The true value of an education

By David J. Still

Editor, the Gauntlet,

Re: “Tuning Out,” Feb. 13, 2003.

James Keller’s arguments on student discontent vs. responsibility are totally sound, but lead to the question of whether the group or the individual is greater than the other, or whether there should be a balance between the two.

Consumer markets gear toward the individual, including sales of the education package, yet the university is bound to serve our society at large (i.e. through academic research as stated). I would suspect there would be some sort of balance, but what sort exactly?

This is where student leaders need to think big.

The greatest balance, to my mind, between the group and the individual is democracy. Democracy in the classroom amounts to a professor evaluation, wherein the role of the individual should be as an appointed “ghost” student (a spy from the administration, as it were). The consumer side of the equation amounts to a money-back guarantee upon return of goods, regardless of service rendered. This benefits the larger group–the university–in marketing, and the customer–the individual–in patron satisfaction. The greater society of individuals then benefits from the academic research produced by professors with a good degree of tenure.
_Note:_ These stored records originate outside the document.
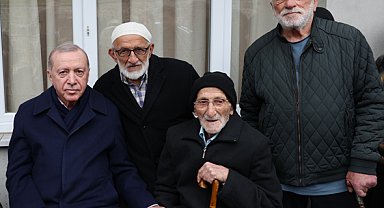 Cumhurbaşkanı Erdoğan, Rize'de komşularının bayramını tebrik etti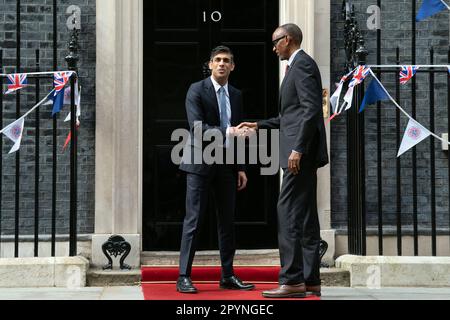 Premierminister Rishi Sunak begrüßt während seines Besuchs im Vereinigten Königreich den Präsidenten Ruandas, Paul Kagame, vor der 10 Downing Street, London. Foto: Donnerstag, 4. Mai 2023. Stockfoto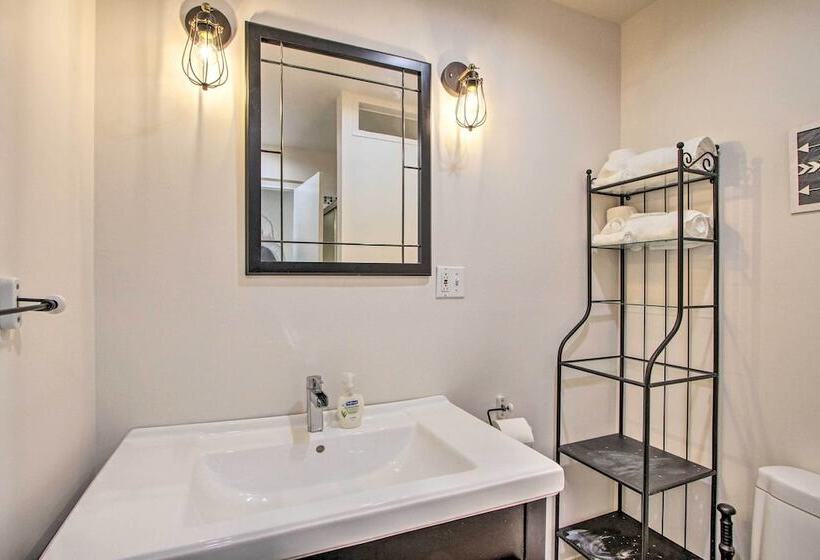 Convenient Burien Getaway: 12 Mi To Dtwn Sea!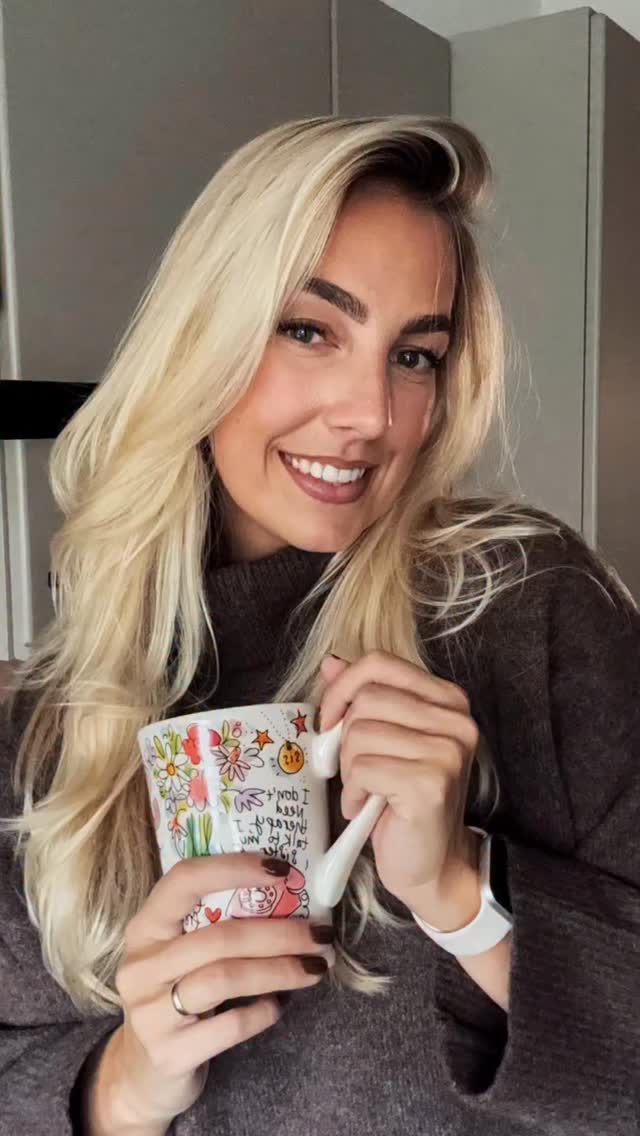 Instagram post by @dyooo_x for bol. Caption reads: [...] outfit heb ik weer geshopt bij....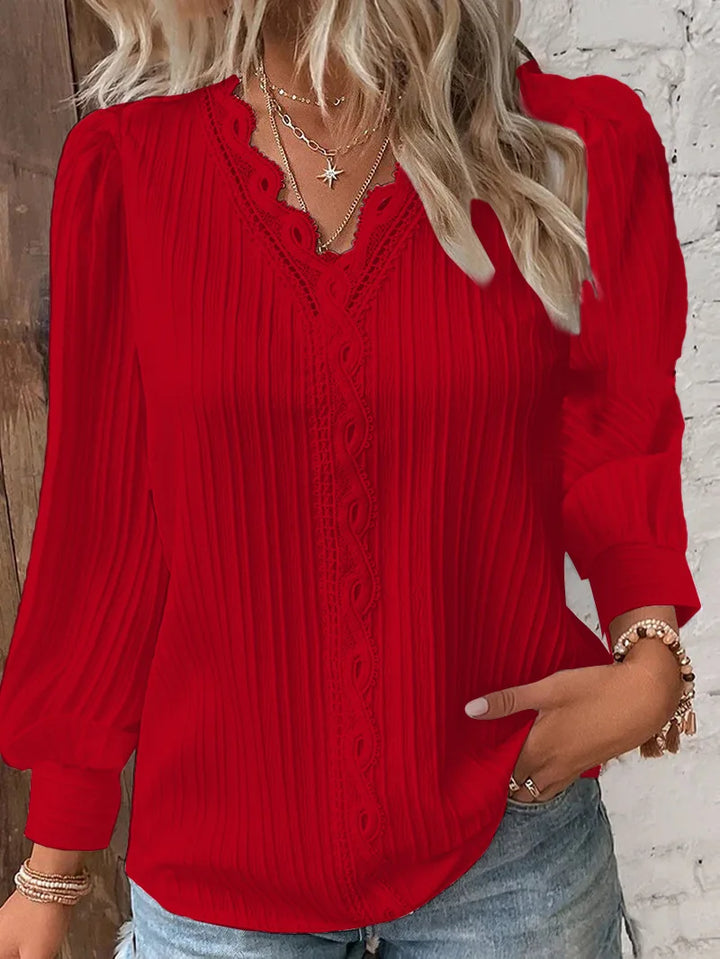 Noora | Selvie – Blus med spetskant och veck
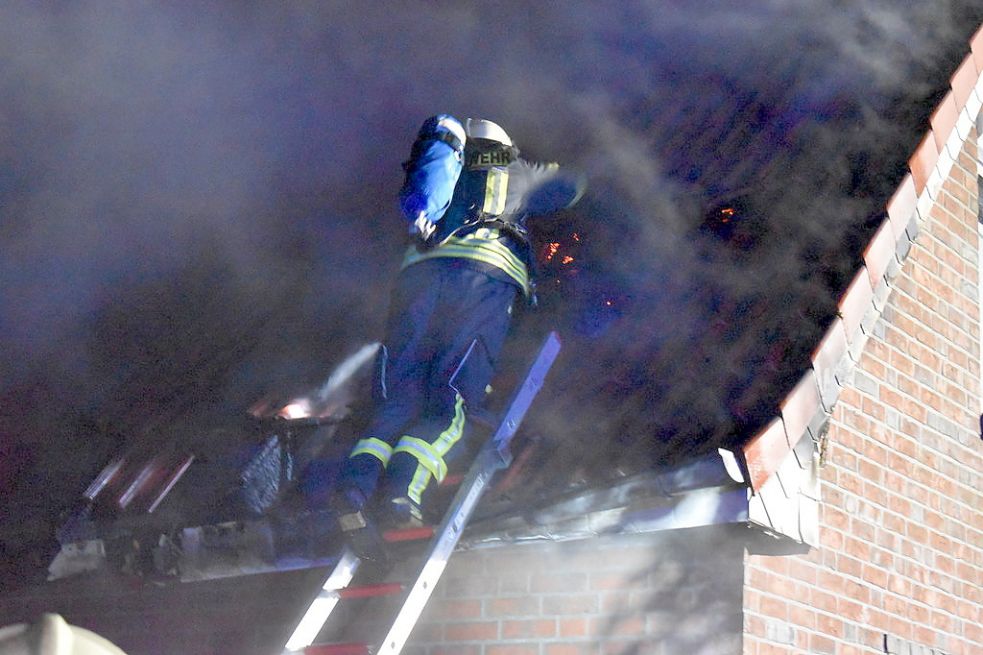 Feuerwehrkräfte deckten das Dach ab. Foto: Feuerwehr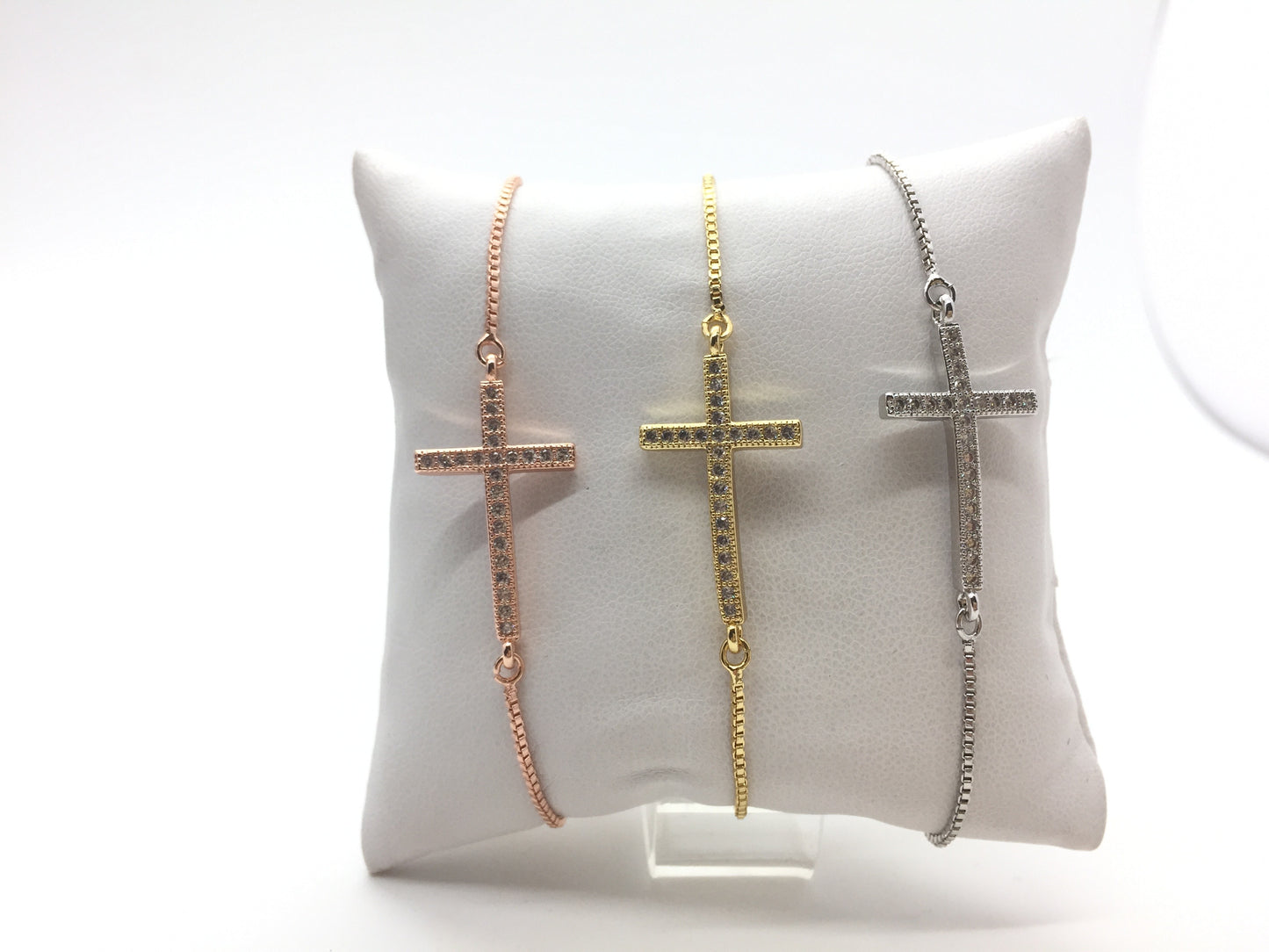 Cross full zirconia adjustable bracelet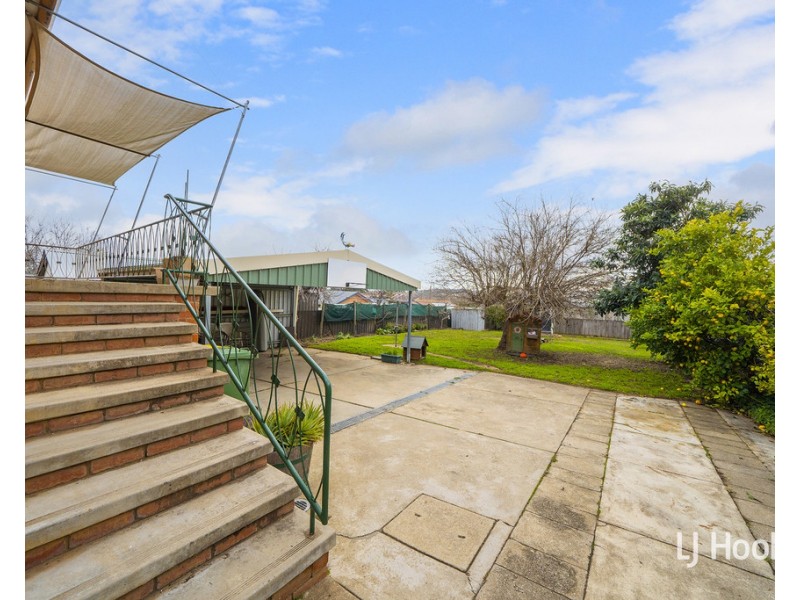 7 Ernest Street, Crestwood NSW 2620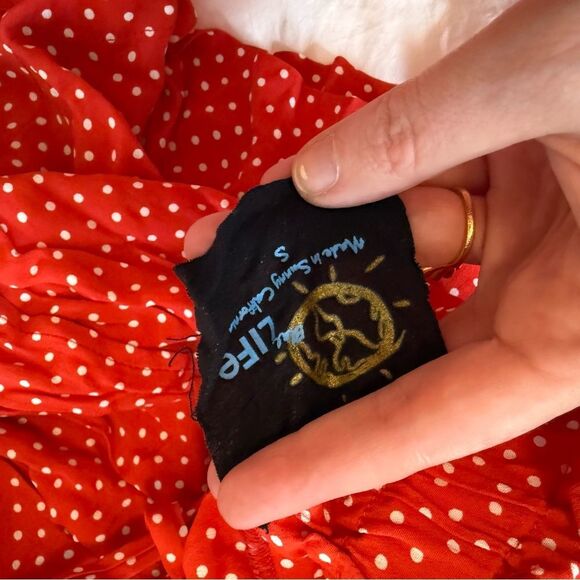 ❤️ BlueLife Red Polka Dot Paperbag Shorts Sz Small - Skirt-Look Silhouette - Picture 5 of 5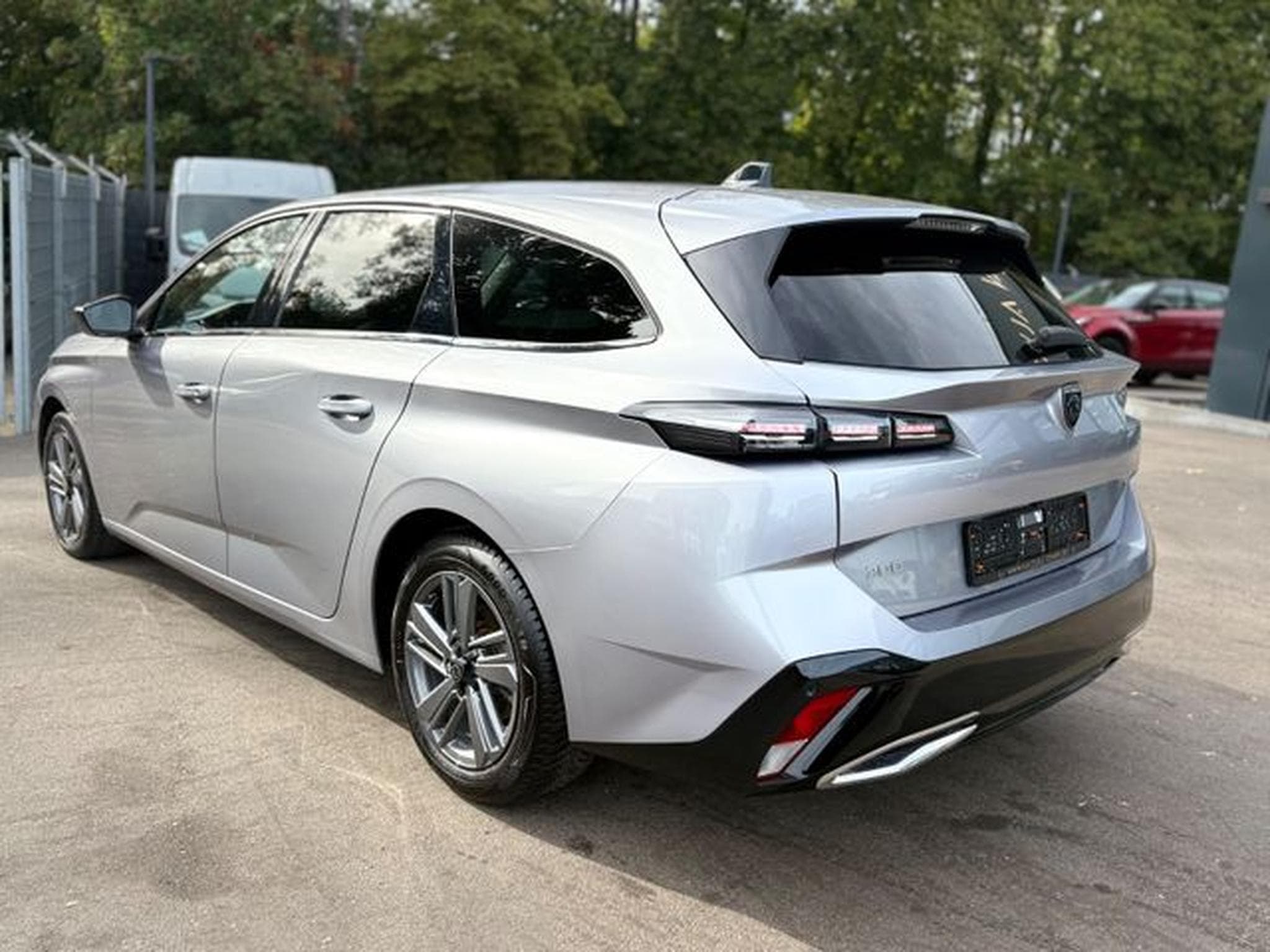 Peugeot 308 308 SW ALLURE *SHZ*TEILLEDER*VIRTUELL*NAVI*LED* (2024) - Photo 10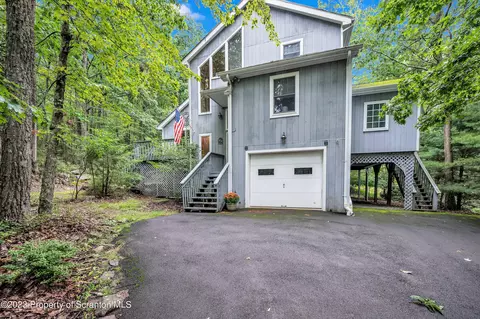 195 Eastwood Dr, Greentown, PA 18426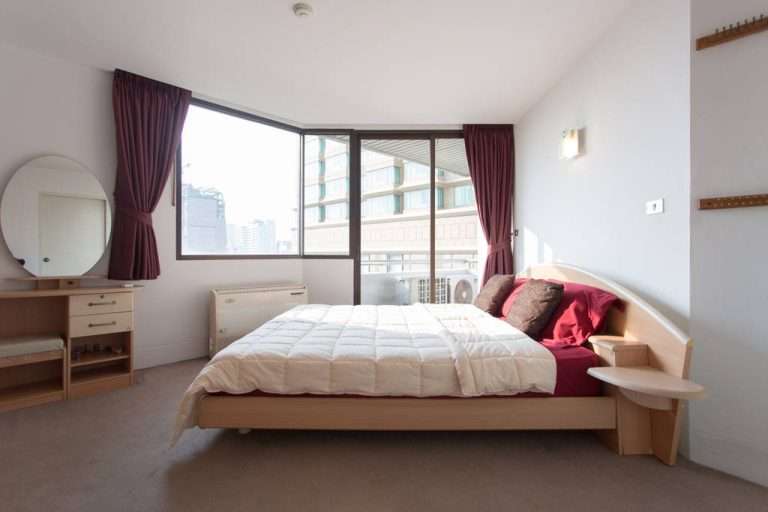 Rent Condo BTS station is on Ratchadamri , Fully furnished apartment with nice view on 11th Floor ให้เช่าคอนโดหรู รีเจนท์ รอยัล 1 ถนนราชดำริ ปทุมวัน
Although these variables do all exist in various extents, the democracy connection between group and individual is currently missing.

Changes to the system of this scope are profound, I’ll be one of the first to admit, and so they would require profound leadership, but that’s something we’re not getting from the undergraduates who fork over dough so the profs can somnambulate in their lectures.

What we need is a stronger Students’ Union willing to talk and walk on the “big-picture” issues of popular democracy.